De opzet van de band, zoals ik die voor ogen had, omschreef ik toen als “anti-Kayak”. Niet tegen Kayak als groep, maar wel tegen de blufferige manier waarop we vanaf de eerste dag waren neergezet. Ik had niets op met de grootspraak van ons management, de bla-bla-verhalen over onze geweldige toekomstige Amerikaanse en Engelse successen en de patserige manier van presenteren, waardoor we voornamelijk bezig waren geweest onze eigen -niet bestaande- internationale roem achterna te lopen.
Met een eventuele nieuwe band wilde ik gewoon lekker gaan spelen, zonder druk, vooral geen verwachtingen wekken, geen enorme investeringen, geen overbodige poespas, maar kleinschalig rocken, desnoods voor consumpties.
Opnemen met zijn tweeën gaat prima, maar “live” spelen is iets anders: er moesten nog minimaal twee mensen gevonden worden.
Na diverse audities viel uiteindelijk de keus op Rob’s vroegere bandleden Mark Boon (gitaar en zang) en Frank Papendrecht (bas en zang), waardoor deze nieuwe band in feite “The Hammer” was, alleen met een andere drummer.
Na een paar veelbelovende repetities stelde ik een naam voor: DIESEL.
Hoe het verder ging……
“Polydor heeft Abba, Grease en Saturday Night Fever, dus Polydor heeft geld”, was mijn redenering toen ik eind 1978 besloot een platenmaatschappij te gaan benaderen om toch weer als producer, maar nu als freelancer, aan de slag te komen. Mijn eerste afspraak daartoe, met Polydor’s toenmalige A&R manager Harry Knipschild, liep op niets uit.

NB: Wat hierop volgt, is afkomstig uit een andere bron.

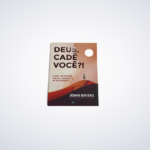Livro Deus, Cadê Você?!/ John Bevere - Imagem 2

Toen ik bij het weggaan langs mijn neus weg zei dat ik weer een eigen band had, spitste hij plotseling de oren en haastte zich me uit te nodigen voor een tweede gesprek, nog geen week later.
Ik had een demo bij me die ik tamelijk achteloos aan hem liet horen, met daarop mijn pas geschreven liedje “Going Back to China”.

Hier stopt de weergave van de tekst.